How have prospective international students from China responded to the pandemic and how can you attract Chinese students to your institution in such a competitive market? We spoke to Naomi Wu, QS’ Regional Marketing Director of Greater China to find out.
China remains the leading source of international students to study destinations such as the US, UK, Canada and Australia as a reliably growing middle class continues to value an international student experience.
Yet colleges and universities around the world that don’t have strong brand recognition amongst Chinese students have grappled with penetrating this competitive market. To better understand how institutions can more effectively engage with this significant source market, we spoke to Naomi Wu, QS’ Regional Marketing Director of Greater China.
Naomi joined QS at the beginning of 2021 to lead marketing efforts in China after several years of working directly with Chinese students at higher education preparatory schools such as the Nord Anglia International Schools, and through various marketing firms.
Based in Shanghai, her work has focused on social media engagement, email strategy and reputation management for higher education institutions. Read on to discover her insights about prospective international students in China and the impact of the coronavirus crisis.
From your perspective, how did Chinese student behavior change during the pandemic?
Naomi: Many students began switching from their destination country as a result, yet the US remains a top choice for students pursuing a quality undergraduate education. Chinese students now seem to be more discerning about US schools, with applications to Ivy League institutions increasing by 50%. I would also say that more students are looking to apply to multiple study destinations rather than just one.

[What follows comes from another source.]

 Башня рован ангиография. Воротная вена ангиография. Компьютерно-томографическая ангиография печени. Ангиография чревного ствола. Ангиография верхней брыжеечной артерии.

In addition, China’s Ministry of Education announced a policy earlier this year encouraging younger students not to study abroad, so the intention of going to boarding schools in the US and UK is dropping by half, which could lead to fewer Chinese students enrolling in undergraduate programs in the future.
Have you noticed any trends in the types of international experiences, or the level of education, Chinese students are seeking when they go abroad?

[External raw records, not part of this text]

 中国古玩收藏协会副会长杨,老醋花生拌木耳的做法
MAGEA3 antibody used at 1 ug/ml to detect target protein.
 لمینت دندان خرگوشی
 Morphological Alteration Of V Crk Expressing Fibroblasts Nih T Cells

Naomi: The trend of completing a bachelor’s degree is still picking up. From 2018, the number of students has exceeded the number seeking a master’s in the US. We still see a trend in K-12 international schools, as they are preparing for an international BA. However, given the COVID-19 crisis, the government is discouraging parents from sending their children abroad at a young age. For those families that are still inclined to send their children out of country, the highest performing students tend to go to the UK.
How can institutions anticipate changes in Chinese student mobility?
Naomi: I think that schools can look at Chinese government reports to start. For example, right now they are promoting sports-related curriculum to plan for a healthier, stronger generation. Looking at that, you can see that sports management–related majors will rise in China. Institutions should also keep an eye on what the government sponsors as China builds its own scheme of top–tier universities with top–tier majors.
I often see schools promoting themselves at fairs with the majors they excel at, but they [schools] need to look at the Chinese government’s development plan and identify how their school can fit in. If a lot of Chinese schools are removing some majors and adding others, foreign institutions need to meet those trends to get a foot in the market.
What are some key topics that may be important to engage with prospective Chinese students?
Naomi: For recruiters looking to engage online, at a college fair for example, it might be a bit of a challenge to start a dialogue without sharing content first. Students are consuming content before engaging online, so it could be very effective to first have the face of admissions in a webinar, presentation or live stream.
Engaging for the first time with students via an online fair will work for big name institutions, but others will need a step-by-step awareness plan before engaging directly with students. Social media channels like Weibo will be the first step that schools can lean on for brand awareness, and student portals like QSChina.cn.
Do you have any cultural tips specific to engaging with Chinese students?
Naomi: You should have a nurture plan that is sent out in Chinese local language, but if they want to admit English-speaking students, make all language bilingual as the click-through-rate will be low with English-only content.
Also, when speaking directly with prospective students, identify who the decision maker is. The candidate could have family concerns, so the target audience is not just the candidates, it’s the parents. Students in China rely on family support quite a lot—targeting parents is a group that institutions really need to take seriously.
Anything else that institutions should know about engaging and attracting prospective students from China?
Just understand that marketing your brand in China requires a deep understanding of how to leverage different social media platforms in China. Unlike in western countries where Facebook, Instagram and YouTube bring awareness to your brand, the social media landscape in China is more sophisticated. However, universities can utilize China-hosted student sites like QSChina.cn as a gateway to reach out to target students (and parents).